My battery🔋 is done aswell.
@Simeon did a great job even on the little details.
The esc is definitely a tight fit its gonna be intresting fitting a cool plate.
Curious how you gonna setup the esc ( how many amps you will be running per motor)
I took the design to my local machine shop to have it CNCd, excited to see how much I messed up
Measure once cut thrice right?
if it works, i might want a piece
How much did you get quoted for that much milling?
I didn’t, I’ll find out when it’s done
. Speaking of, since I know nothing about the process, which part of my design is most expensive/time consuming to make? The fins?
Probably the fins yep, they’d be annoying to cut. It’s either that or any tapping of holes, if that’s needed.

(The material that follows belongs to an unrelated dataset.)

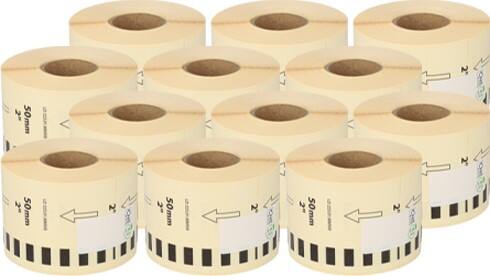 Zolemba Kompatibel Brother DK-22223 Kompatibel Papier Endlosetiketten Selbstklebend Weiss 50 mm x 30.48m 12 Stück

@SabreDynamics probably have a good idea of how difficult / easy something like this is, he makes custom cnc parts
Oh boy… be prepared to shell out a couple hundred dollars lol
Be better if you’d make the fins a bit thicker, looks like they are 1mm now and that would probably mean they would have to be milled quite slowly to not cause any chatter while cutting, but there might be chatter regardless which leaves a bad finish. Id make them a bit thicker to be sure. Other than that it looks pretty doable. Because it needs two sides to be milled a fixture is needed so thats a bit of added cost, and you have a slight chamfer/3d surface on one edge which needs some extra attention while programming id reckon. Overall id probably quote this at around € 150, but I always check the cad model before I do a final quote.